Using generative models to synthesize new data has become a de-facto standard in autonomous driving to address the data scarcity issue. Though existing approaches are able to boost perception models, we discover that these approaches fail to improve the performance of planning of end-to-end autonomous driving models as the generated videos are usually less than 8 frames and the spatial and temporal inconsistencies are not negligible. To this end, we propose Delphi, a novel diffusion-based long video generation method with a shared noise modeling mechanism across the multi-views to increase spatial consistency, and a feature-aligned module to achieves both precise controllability and temporal consistency. Our method can generate up to 40 frames of video without loss of consistency which is about 5 times longer compared with state-of-the-art methods. Instead of randomly generating new data, we further design a sampling policy to let Delphi generate new data that are similar to those failure cases to improve the sample efficiency. This is achieved by building a failure-case driven framework with the help of pre-trained visual language models. Our extensive experiment demonstrates that our Delphi generates a higher quality of long videos surpassing previous state-of-the-art methods. Consequentially, with only generating 4% of the training dataset size, our framework is able to go beyond perception and prediction task, for the first time to the best of our knowledge, boost the planning performance of the end-to-end autonomous driving model by a margin of 25%.

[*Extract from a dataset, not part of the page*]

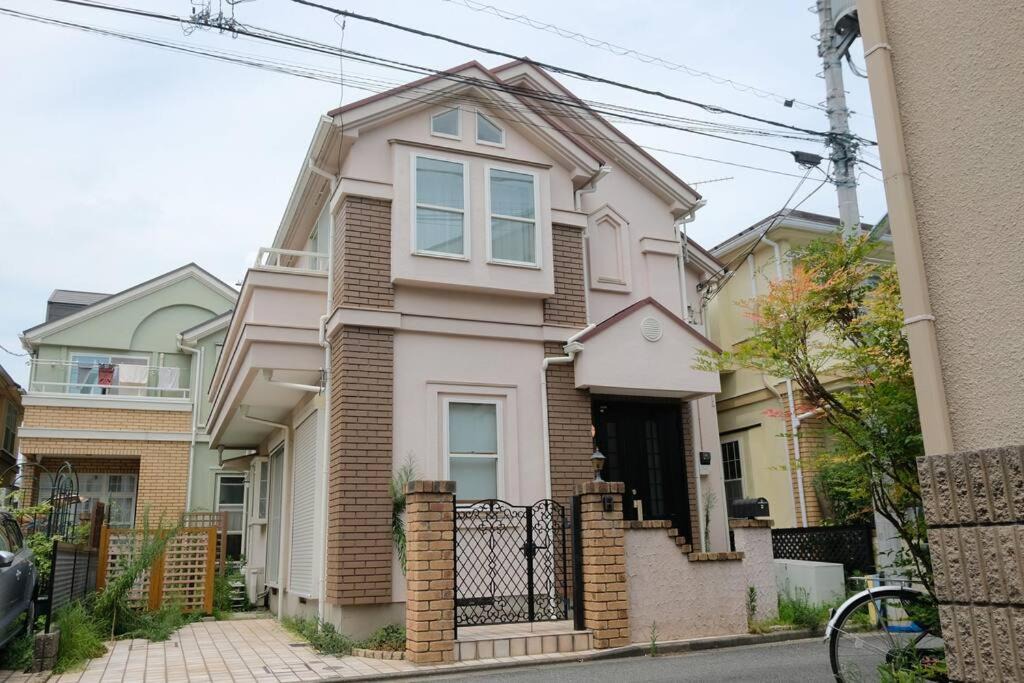 Photo of Others in Suginami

Long videos generated by Delphi (up to 40 frames) on the nuScenes dataset. For readability, we play the video at 5x speed.
By training on a private multi-view driving dataset © (the training data is about 50 times larger than nuScenes), Delphi demonstrates interesting capabilities to generate up to 120 frames of spatiotemporally consistent videos. This fully demonstrates the scalability of our Delphi.
We note that Delphi can also be used as a data engine with photorealistic image generation capabilities and further supports closed-loop evaluation of end-to-end models such as UniAD. Here we show a demo of closed-loop evaluation on nuNcenes. The top row shows an open-loop evaluation scenario on nuNcenes: the ego car is driving at a constant speed. The bottom row shows a closed-loop evaluation scenario on nuNcenes using Delphi: the ego car is accelerating, resulting in a dangerous distance from the vehicle in front.